The chisq.test() is used here without Yate's correction to simplify matters:

%%R
chisq.test(matrix(c(a,b,c,d),nrow=2, byrow=T), correct=F)

	Pearson's Chi-squared test

data:  matrix(c(a, b, c, d), nrow = 2, byrow = T)
X-squared = 5.741, df = 1, p-value = 0.01657

The basic definition for the test statistic is still

$$T = \sum \frac{(O_{i,j} - E_{i,j})^2}{E_{i,j}}$$

However, the calculation of the expected values is now a little more elaborate:

$$E_{i,j} = \frac{(\sum_c O_{i,c})(\sum_r O_{r,j})}{N}$$

with $N = \sum_i \sum_j O_{i,j}$ i.e. the total number of observations.

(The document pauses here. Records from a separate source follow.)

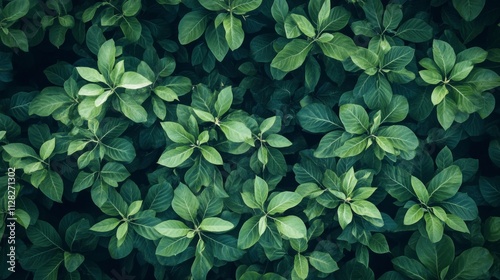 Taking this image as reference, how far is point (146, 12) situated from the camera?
263cm

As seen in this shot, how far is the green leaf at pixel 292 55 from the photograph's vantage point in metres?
2.32

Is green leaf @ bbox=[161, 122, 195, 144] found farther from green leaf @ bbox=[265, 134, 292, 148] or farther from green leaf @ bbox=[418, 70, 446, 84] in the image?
green leaf @ bbox=[418, 70, 446, 84]

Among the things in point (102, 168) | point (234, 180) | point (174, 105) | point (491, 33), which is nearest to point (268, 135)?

To see why, add the row and column totals:

16	6	R1 = 22
9	15	R2 = 24
C1 = 25	C2 = 21	N = 46

For independence i.e. no influence of area on the number of contracts we expect the same ratio of mining contracts in both columns:

$$\frac{E_{1,1}}{C_1} = \frac{E_{1,2}}{C_2} = \frac{R_1}{N}$$

which of cource means that

$$E_{1,1} = \frac{R_1 C_1}{N}$$

Now we can calculate the expected values:

%%R
N=a+b+c+d
e11=(a+b)*(a+c)/N
e12=(b+a)*(b+d)/N
e21=(c+d)*(c+a)/N
e22=(d+c)*(d+b)/N
c(e11,e12,e21,e22)

[1] 11.95652 10.04348 13.04348 10.95652

[1] 11.95652 e12 [1] 10.04348 e21 [1] 13.04348 e22 [1] 10.95652

With the observed and expected values we can compute the test statistic:

%%R
(a-e11)^2/e11 + (b-e12)^2/e12 + (c-e21)^2/e21 + (d-e22)^2/e22

[1] 5.741039

To find the critical values for a given significance level we need the degrees of freedom. Since we have 2 rows and 2 columns there are (r-1)(c-1) = 1 degrees of freedom.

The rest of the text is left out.